**DATA SUPPLIED**
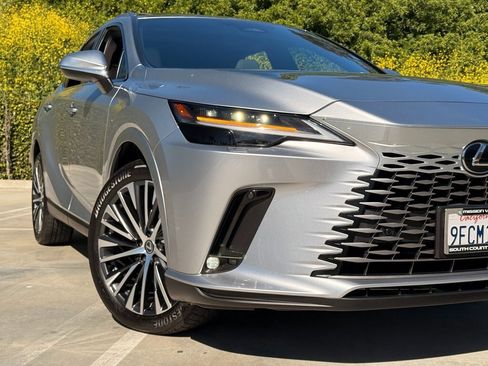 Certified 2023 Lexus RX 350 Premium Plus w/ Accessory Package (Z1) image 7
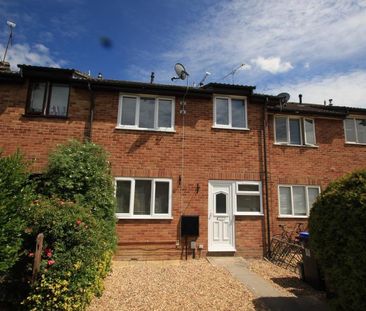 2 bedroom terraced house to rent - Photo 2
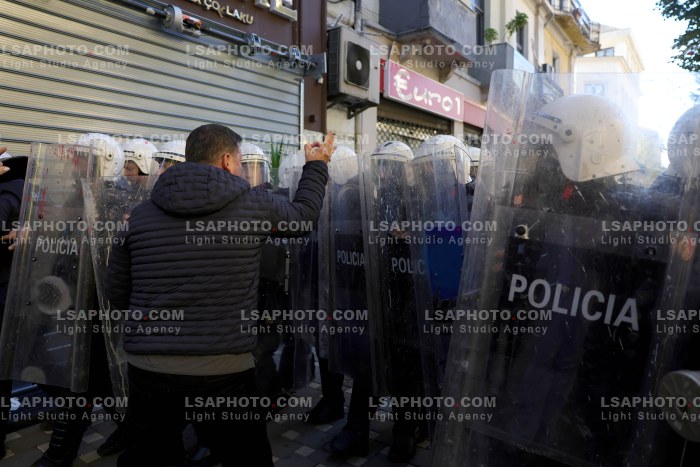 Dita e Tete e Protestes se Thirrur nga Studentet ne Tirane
...
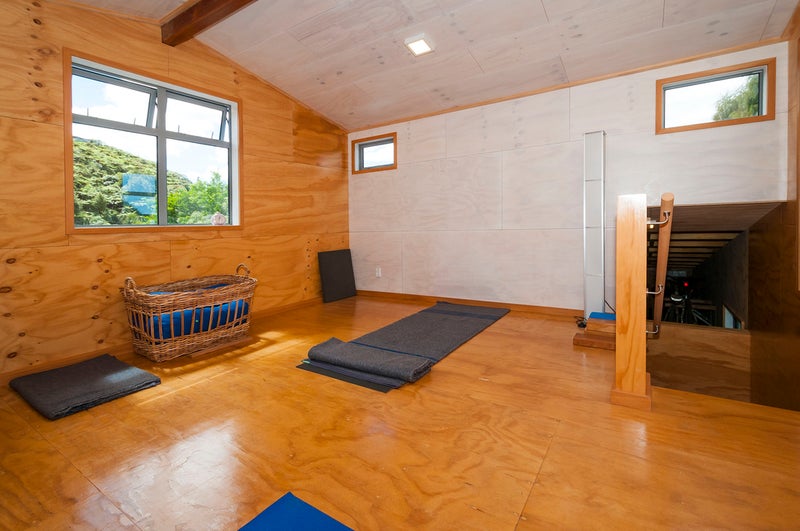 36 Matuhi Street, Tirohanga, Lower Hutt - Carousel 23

**WORK ITEM**
Only the lines above from the one with "Certified 2023 Lexus" to the one with "Dita e Tete" should be printed, both included and exactly as written; no picture belongs in the copy.

**OUTPUT**
 Certified 2023 Lexus RX 350 Premium Plus w/ Accessory Package (Z1) image 7
 2 bedroom terraced house to rent - Photo 2
 Dita e Tete e Protestes se Thirrur nga Studentet ne Tirane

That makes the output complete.